A sample project using the Chat Agent and the RAG Agent
I’ve created a small CLI that uses the Chat Agent “augmented” with the RAG Agent to generate content from the terminal based on an XML knowledge base, which you can find on Codeberg: chat-rag-cli. And which I use, for example, like this:
./chat-rag-cli \
prompt "How to define a struct in Golang? Please use your knowledge to answer." \
--instructions context.md \
--output result.md
To summarize the code for using both agents together, here are the main steps:
- Search for similarities with the RAG Agent using the user’s question as the search query
- Build a message list for the Chat Agent, including the similar documents in the instruction prompt
- Call the Chat Agent with the constructed message list
Here’s a code snippet that illustrates the similarity search with the RAG Agent and the prompt construction for the Chat Agent:
userQuestion := "How to define a struct in Golang? Please use your knowledge to answer."
var knowledgeBase string
// Search for similar documents in the RAG Agent
// We use a similarity threshold of 0.5 and want to retrieve the top 3 most similar documents
similarities, err := ragAgent.SearchTopN(userQuestion, 0.5, 3)
if err != nil {
fmt.Printf("❌ Error searching: %v\n", err)
}
if len(similarities) == 0 {
fmt.Println("No similar documents found (threshold: 0.6)")
} else {
fmt.Printf("📚 Found %d similar documents:\n", len(similarities))

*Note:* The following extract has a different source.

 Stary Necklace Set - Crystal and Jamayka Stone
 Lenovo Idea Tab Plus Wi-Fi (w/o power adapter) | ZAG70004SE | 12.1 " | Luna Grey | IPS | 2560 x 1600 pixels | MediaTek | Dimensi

for i, sim := range similarities {
fmt.Printf("📗 %d. [%.3f] %s\n", i+1, sim.Similarity, sim.Prompt)
knowledgeBase += sim.Prompt + "\n"
}
knowledgeBase = fmt.Sprintf(
"Here is some knowledge that might be useful for answering the user's question:\n%s",
knowledgeBase,
)
}
messagesList := []messages.Message{}
if knowledgeBase != "" {
messagesList = append(messagesList, messages.Message{
Role: roles.System,
Content: knowledgeBase,
})
}
messagesList = append(messagesList, messages.Message{
Role: roles.User,
Content: userQuestion,
})
That’s all for today. Next time, we’ll see how to use the Crew Agent to orchestrate multiple Chat Agents, coupled with a RAG Agent, while being mindful of the conversational memory context size. Stay tuned!
✋ Note: NOVA provides a few helpers for “chunking” text, markdown and XML documents: nova-sdk/agents/rag/chunks. I plan to add more in the future.